+++ COLLECTED DATA

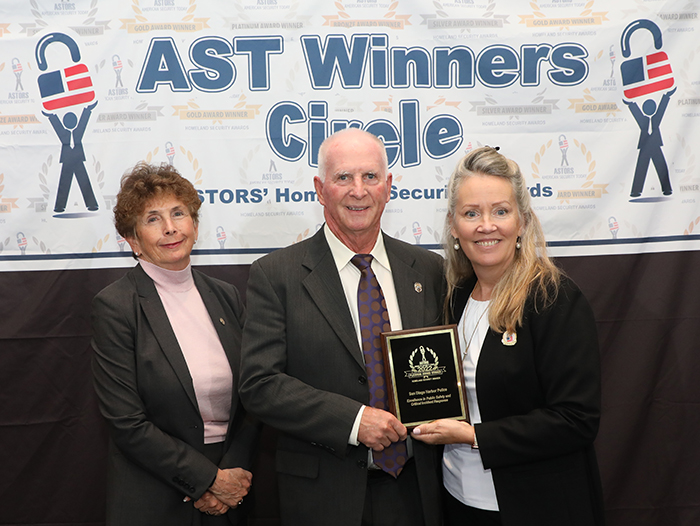 Jeff Wohler, Chief Executive Officer of the San Diego Harbor Police Foundation, shown here with Dr. Kathleen Kiernan, President of NEC National Security Systems (NSS), the 2022 ‘ASTORS’ Awards Program Platinum Sponsor, accepts the SDHP Excellence in Public Safety and Critical Incident Response Award at the 2022 ‘ASTORS’ Awards Ceremony.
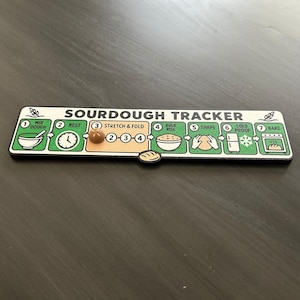 Puede incluir: Un tablero rectangular de seguimiento de masa madre con fondo blanco y detalles en verde. Incluye siete pasos numerados para hacer pan: mezclar, reposar, estirar y plegar, fermentar, dar forma, enfriar y hornear, con un peque&ntilde;o marcador marr&oacute;n.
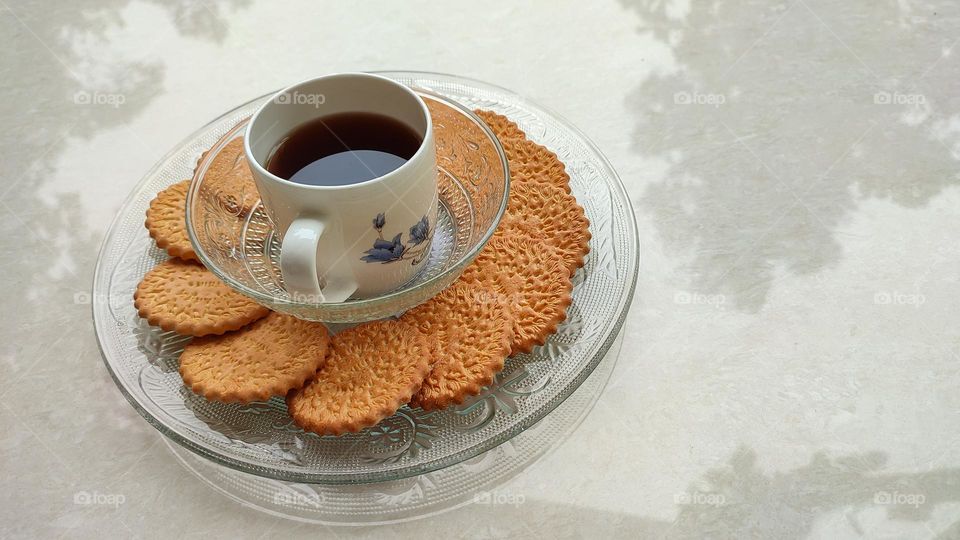 Coffee with biscuits, coffe in a white ceramic glass and biscuits in a transparent glass plate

++++++

### WORK INSTRUCTION:
The whole listing above is to be printed again exactly; pictures stay out of it.

### ANSWER:
 Jeff Wohler, Chief Executive Officer of the San Diego Harbor Police Foundation, shown here with Dr. Kathleen Kiernan, President of NEC National Security Systems (NSS), the 2022 ‘ASTORS’ Awards Program Platinum Sponsor, accepts the SDHP Excellence in Public Safety and Critical Incident Response Award at the 2022 ‘ASTORS’ Awards Ceremony.
 Puede incluir: Un tablero rectangular de seguimiento de masa madre con fondo blanco y detalles en verde. Incluye siete pasos numerados para hacer pan: mezclar, reposar, estirar y plegar, fermentar, dar forma, enfriar y hornear, con un peque&ntilde;o marcador marr&oacute;n.
 Coffee with biscuits, coffe in a white ceramic glass and biscuits in a transparent glass plate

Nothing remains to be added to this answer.